1. ## characteristic function

A = {(x,y) in R^2: x > 0 and 0< y < x^2}

Define f:R^2 -->R by f(x,y) = 0 if (x,y) not in A
= 1 if (x,y) in A

Fix h in R^2. Define g: R -->R with g_h(t) = f(t.h)
Show that g is continuous at 0
I dont understand how the funtion g_h(t) = f(t.h) work?

I just use the defintnition of continuity,
This is what I done so far:

given e > 0, there exists d > 0 such that |f(t.h) - 0|< e
But I dont know how to get from |f(t.h) - 0| to |f(t.h) - 0|< e

2. Fix $\displaystyle (h_1,h_2)\in\mathbb{R}^2$.

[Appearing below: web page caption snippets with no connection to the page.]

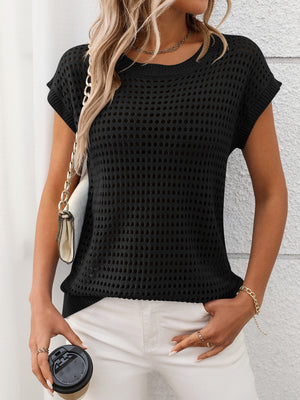 Black openwork knit crewneck sweater with short sleeves and a relaxed fit.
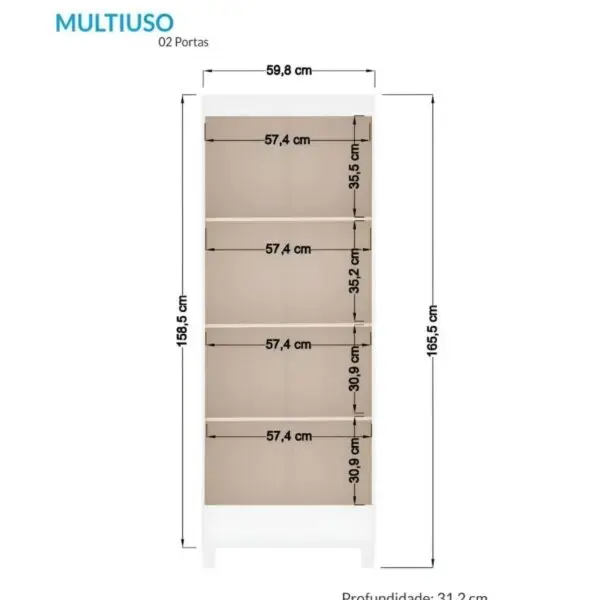 Multiuso Fit 02 Portas – Organização Versátil para Qualquer Cômodo - Imagem 3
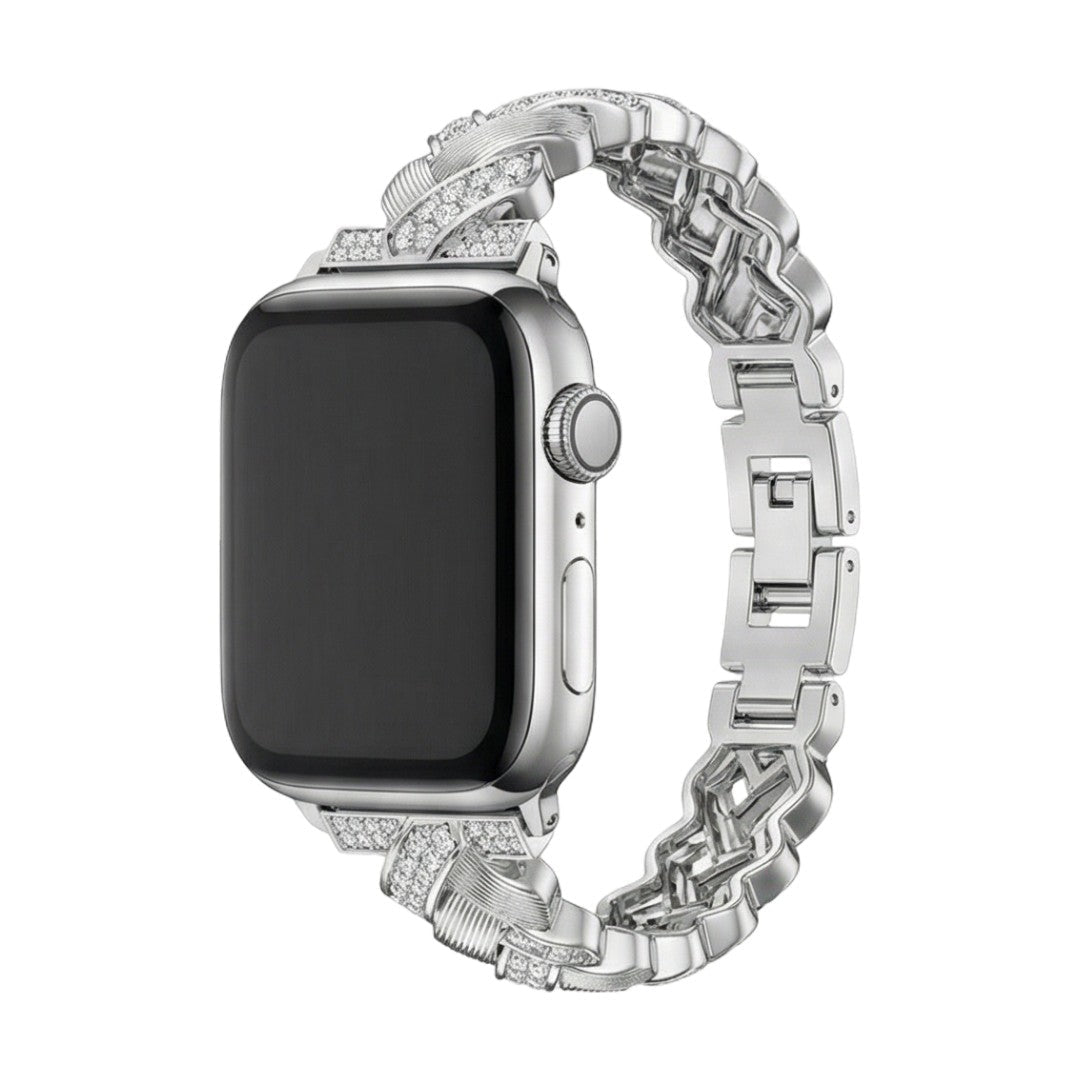 Elegant Metal Apple Watch Bracelet, Wide Links Set with Sparkling Zircon Stones, Adjustable, Toline Model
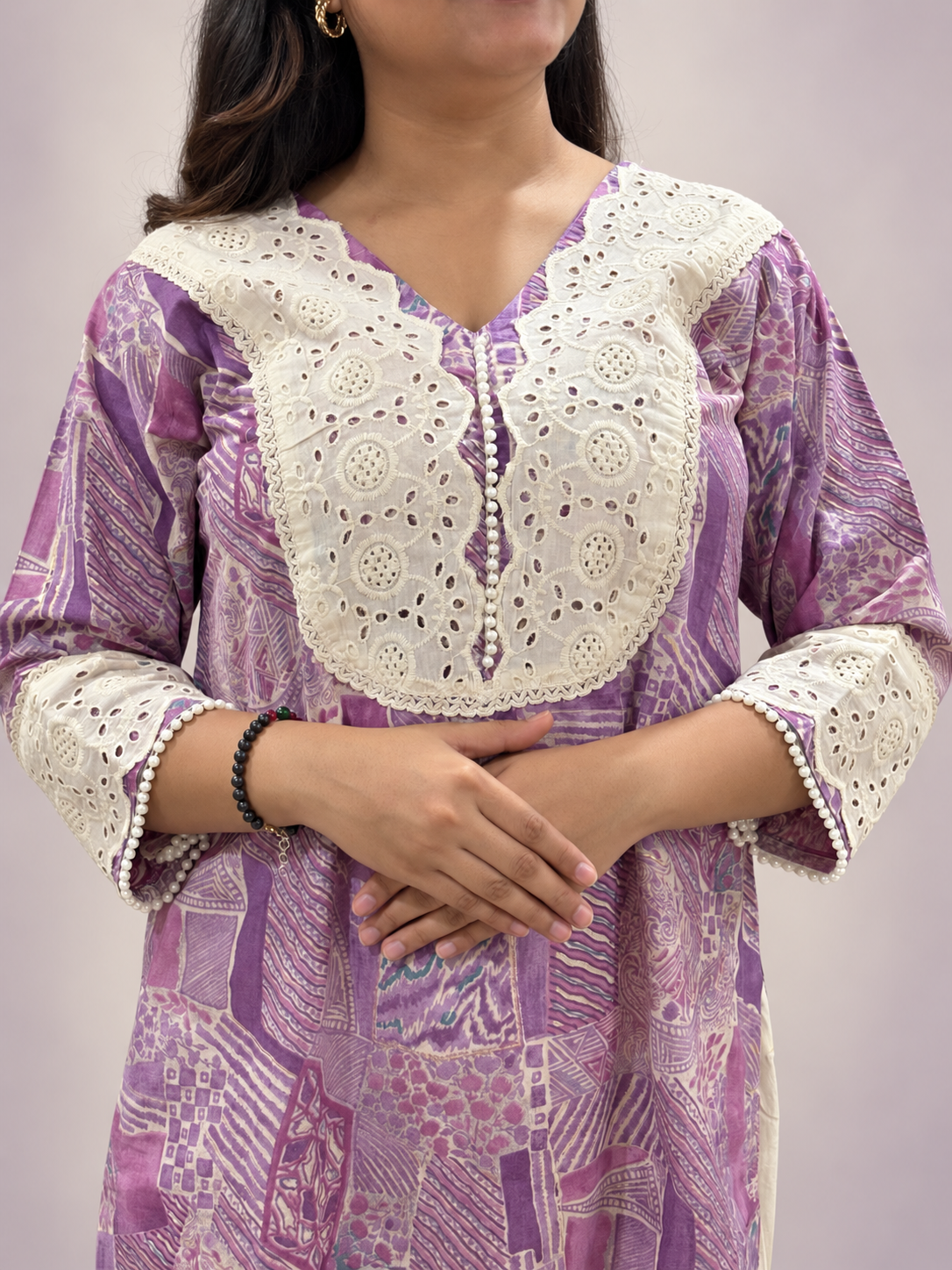 Lavanya – Lavender & White Cutwork Co-ord Set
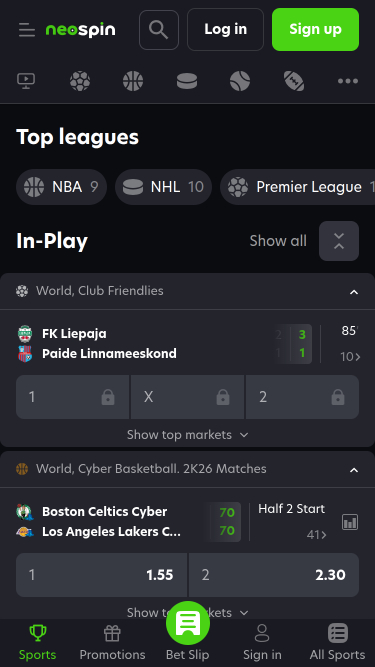 Apuestas deportivas móviles del Casino Neospin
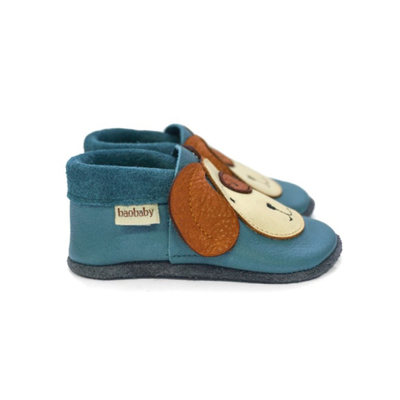 Papuçe fëmijësh Baobaby Buddy, lëkurë natyrale, madhësia XL, blu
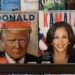 Tigard, OR, USA - Sep 5, 2024: Magazines published by A360 Media with presidential nominees Donald J. Trump and Kamala Harris on the covers are displayed at a bookstore in Tigard, Oregon.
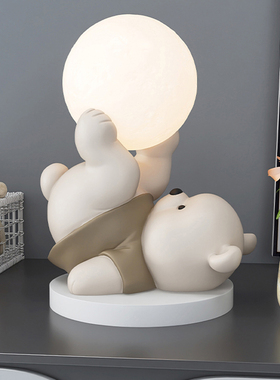 卡通熊摆件家居饰品客厅卧室床头柜小夜灯儿童房书桌台灯生日礼物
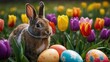 bunny in the meadow with tulips and colored eggs, easter image
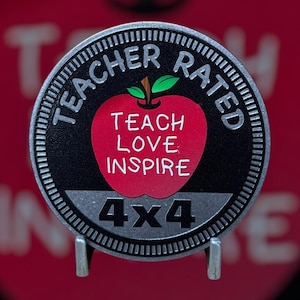 Teacher Rated - Distinctive Metal 4x4 Badge Crafted by Custom4x4Badges
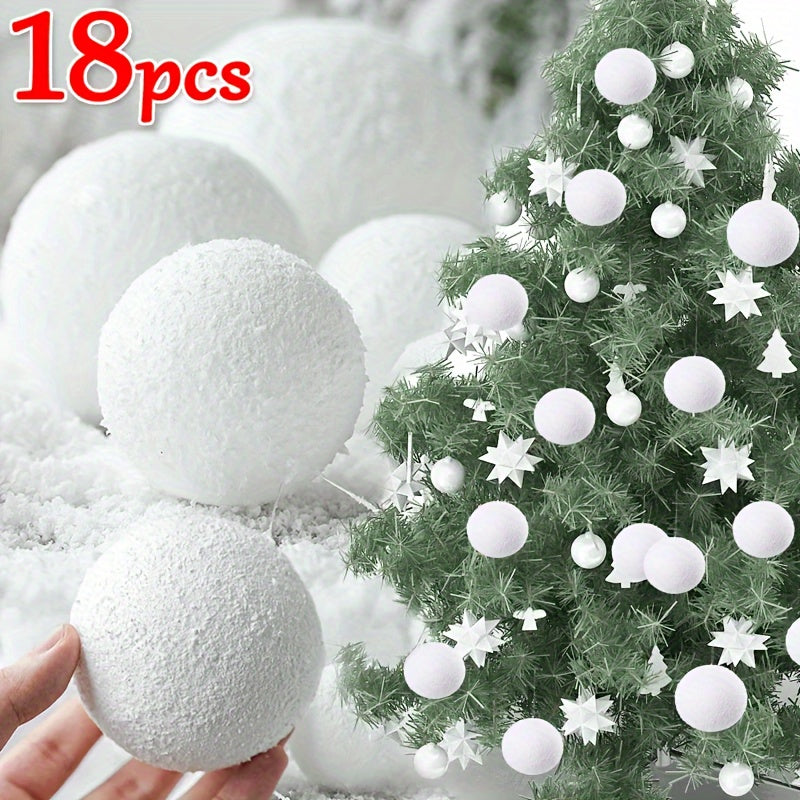 White Foam Balls Set 4cm 6cm 8cm for Christmas Tree Decorations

Since $\displaystyle f(0,0)=g_h(0)=0$, you need to show that when $\displaystyle t$ is small enogh $\displaystyle (th_1,th_2)\in A^c$. If
$\displaystyle h_1$ is 0, it is clear that $\displaystyle (th_1,th_2)\$ is never in $\displaystyle A$. If $\displaystyle h_1\neq 0$, you have only to care of the limit direction in $\displaystyle t$ (+ or -) which makes
$\displaystyle th_1$ positive. The other direction gives the constant function 0. In this case you have to show

$\displaystyle th_1\geq t^2h_2^2$

for $\displaystyle t$ small enogh. If $\displaystyle h_1$ is positive it is almost immediate you can do it (when $\displaystyle t\to 0^+$). If $\displaystyle h_1$ is negative and $\displaystyle t\to 0^-$ the inequality

$\displaystyle h_1\leq th_2^2$

is also fulfilled for $\displaystyle t$ small enough.